Following a renewal of Turkish-Russian relations, Turkey has taken a diplomatic stance regarding the Syrian conflict, warning against serious consequences if the five-year civil war is not resolved. Turkish Deputy Prime Minister Numan Kurtulmus warned this week that the Syrian proxy war between the U.S. and Russia could lead to worldwide conflict between the two powers.

If the proxy war continues, after this, let me be clear, America and Russia will come to a point of war,” the Deputy Prime Minister stated.

However, Russia and Turkey continue to hold different views regarding what a resolution of the Syrian conflict might look like. The Deputy Prime Minister called Syrian president Bashar al-Assad a “pawn” before arguing his removal from power is necessary for long lasting peace, the Independent reported. Russia is unlikely to accept this proposal anytime soon.
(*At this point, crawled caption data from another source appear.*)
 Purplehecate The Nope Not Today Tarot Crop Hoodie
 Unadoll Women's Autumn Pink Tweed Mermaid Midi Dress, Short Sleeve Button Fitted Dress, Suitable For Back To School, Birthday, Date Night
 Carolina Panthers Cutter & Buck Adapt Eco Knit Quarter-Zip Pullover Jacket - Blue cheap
Turkey’s support for jihadists, including ISIS militants, is extensive and well-documented. Because of this, and the fact the NATO member still calls for Assad’s removal, the extent to which Turkey will refuse to participate in the formation of a global conflict between Russia and the U.S is increasingly unclear.

It could simply be the case that Turkey’s warnings are merely a warning to Russia — especially in light of the fact that due to its NATO alliance, Turkey will be forced to back up the United States in a global conflict between Eastern powers and Western powers.
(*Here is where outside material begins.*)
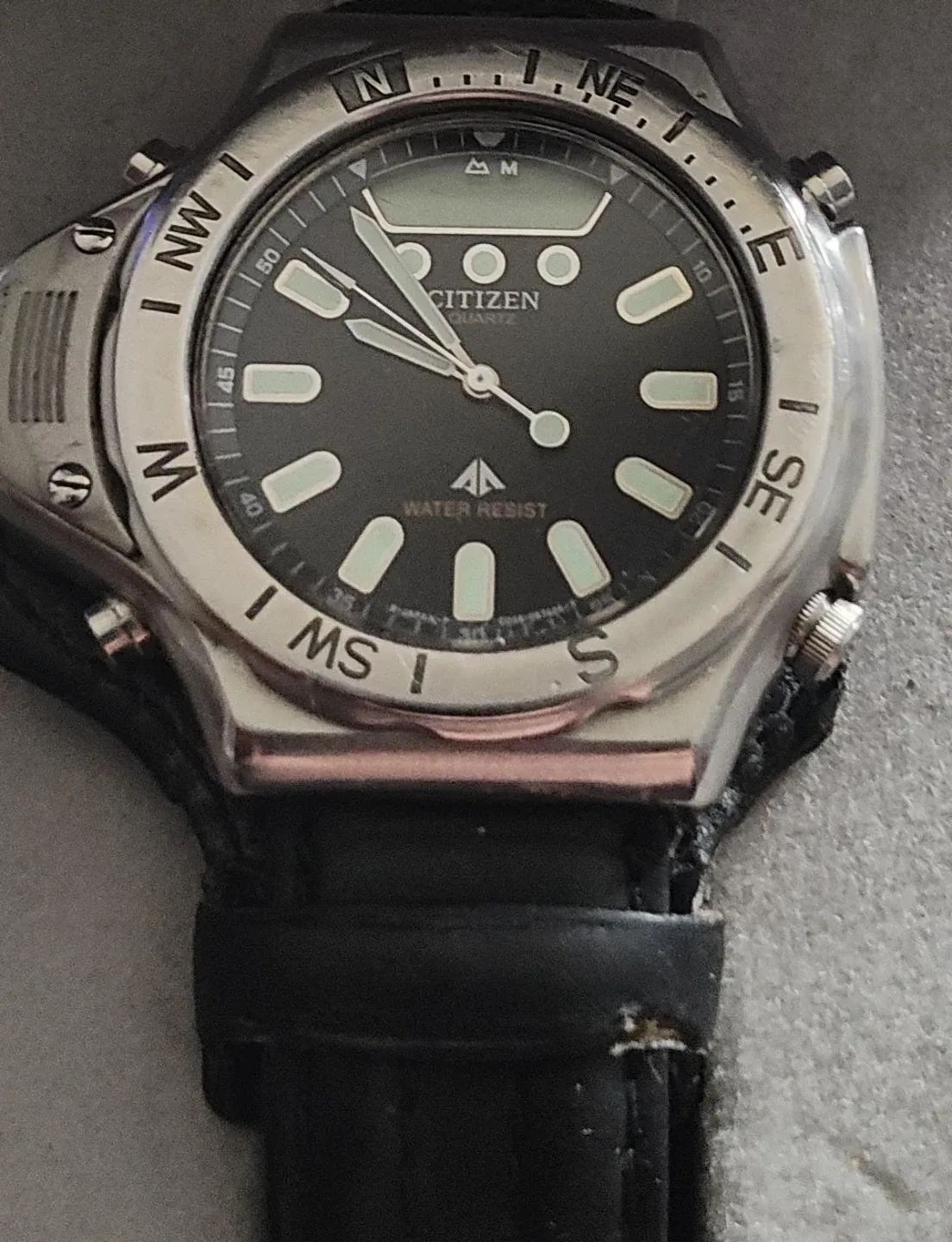 Citizen Quartz Water Resist Watch with Black Leather Band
Further, Turkish president Recep Tayyip Erdogan’s hawkish stance on Middle Eastern affairs was confirmed this week when he told the Iraqi president to “know his place.” This flagrant disregard for international law came in response to Iraq’s stance that they do not want Turkish assistance in their upcoming offensives, which are intended to retake Mosul from ISIS. In fact, Iraq boldly requested that Turkish troops leave Iraqi territory some time ago, but Turkey refuses to listen, further indicating Turkey looks to expand its regional influence.
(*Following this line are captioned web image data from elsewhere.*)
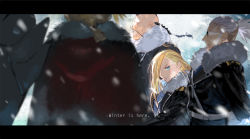 Rule 34 | 1girl, 4boys, alphonse elric, amestris military uniform, back turned, beard, blonde hair, blue eyes, braid, buccaneer (fma), dark skin, edward elric, emmmerald, facial hair, frown, fullmetal alchemist, hair over one eye, letterboxed, long hair, looking at viewer, looking away, miles (fma), military, military uniform, multiple boys, olivier mira armstrong, out of frame, serious, snow, uniform, white hair, winter clothes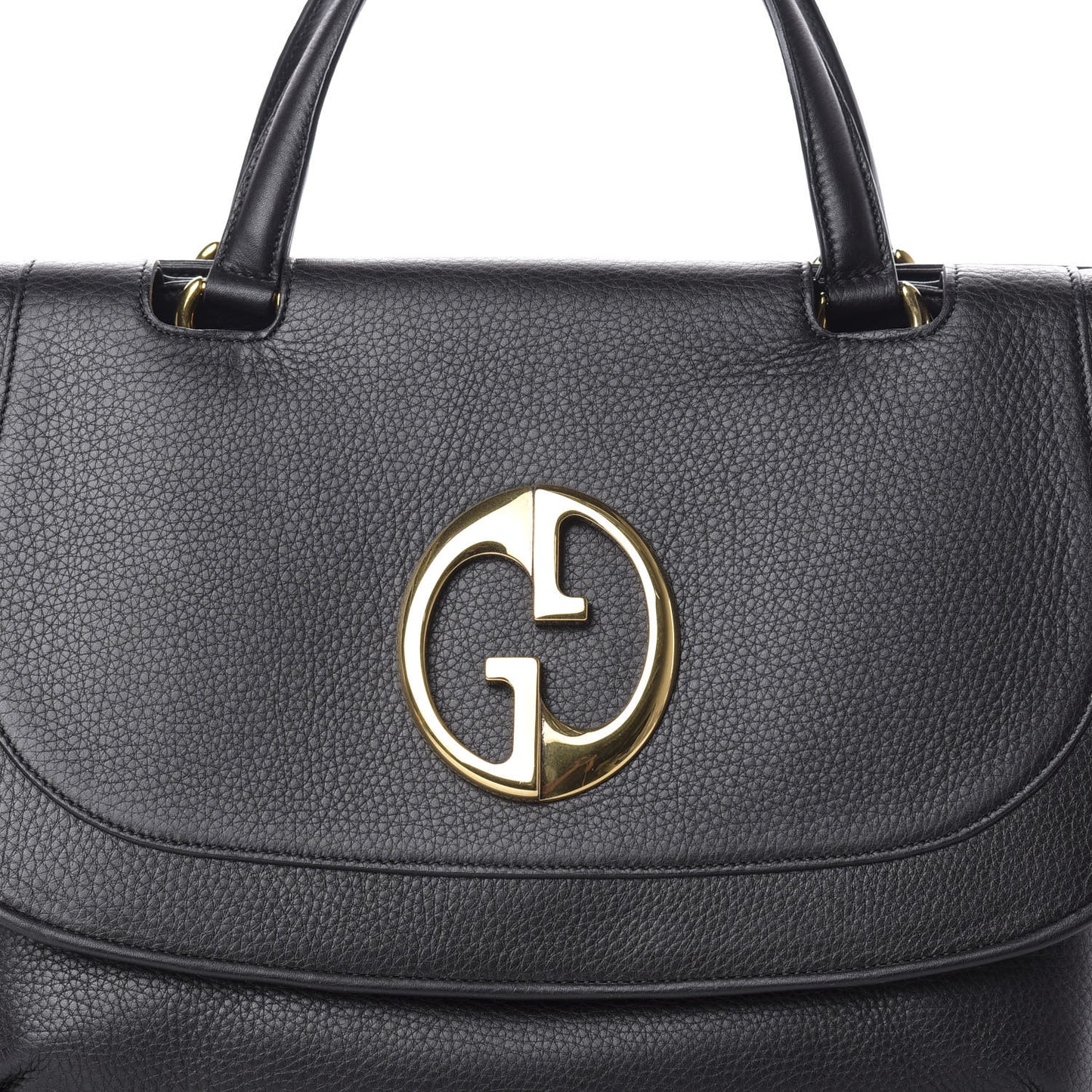 Pebbled Calfskin Medium 1973 Top Handle Satchel Black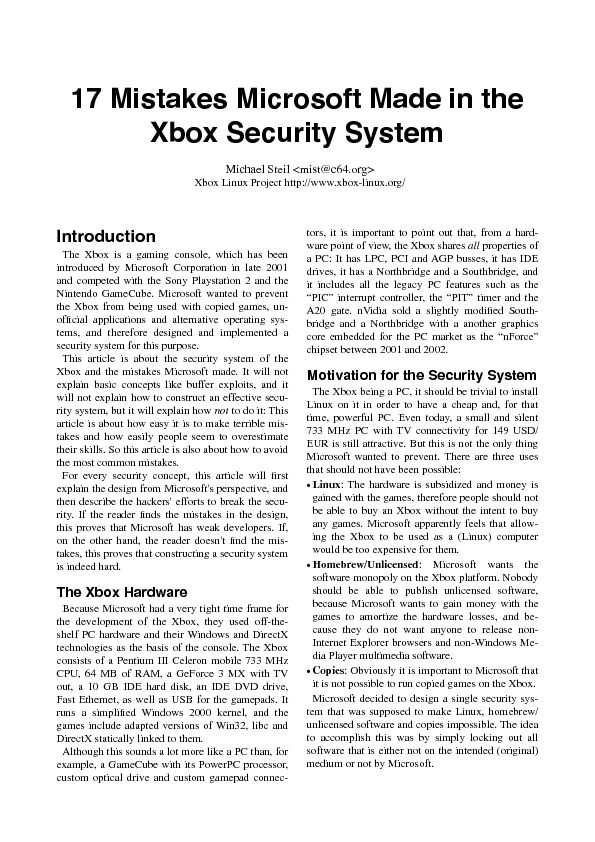 [PDF] 17 Mistakes Microsoft Made in the Xbox Security System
Meanwhile, Iran has moved its warships to the coast of Yemen following attacks on Houthi rebel positions by the United States military. The move is reportedly intended to patrol the Gulf of Aden, which is one of the world’s most important shipping routes.

Everything appears to be in place for a worldwide military confrontation. Whether or not Turkey’s warnings are genuinely intended to seek resolution, one would hope they do not go unheeded.